Explore how the data from a GB-RBM look like.

In [None]:
def gbrbm_perturb(var_perturb_B, dx=50, dh=10):
    """
    Get a Gaussian-Bernoulli RBM problem where the first entry of the B matrix
    (the matrix linking the latent and the observation) is perturbed.

    - var_perturb_B: Gaussian noise variance for perturbing B.
    - dx: observed dimension
    - dh: latent dimension

    Return p (density), data source
    """
    with util.NumpySeedContext(seed=10):
        B = np.random.randint(0, 2, (dx, dh))*2 - 1.0
        b = np.random.randn(dx)
        c = np.random.randn(dh)
        p = density.GaussBernRBM(B, b, c)
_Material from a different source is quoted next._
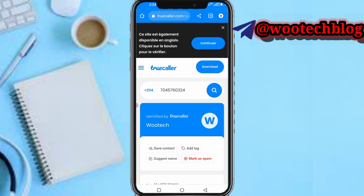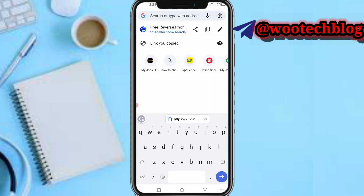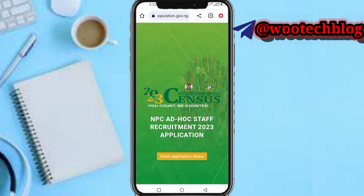Now head to your browser and tap on the link in the description of this video — this is the link right here. You can see it's for the 2023 census on population and houses, where you can be counted. Tap on the NPC ad hoc staff equipment and application.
        B_perturb = np.copy(B)
        B_perturb[0, 0] = B_perturb[0, 0] + \
            np.random.randn(1)*np.sqrt(var_perturb_B)
        ds = data.DSGaussBernRBM(B_perturb, b, c, burnin=500)

    return p, ds

In [None]:
p, ds = gbrbm_perturb(0.0, dx=20, dh=10)
dat = ds.sample(600, seed=31)

In [None]:
import pandas as pd

X = dat.data()
df = pd.DataFrame(X[:, :5])
# http://stackoverflow.com/questions/7941207/is-there-a-function-to-make-scatterplot-matrices-in-matplotlib
axes = pd.tools.plotting.scatter_matrix(df, alpha=0.2, figsize=(10, 10))
# dimx = 0
# dimy = 4
# plt.plot(X[:, dimx], X[:, dimy], 'k.')

In [None]:
util.meddistance(X, subsample=1000)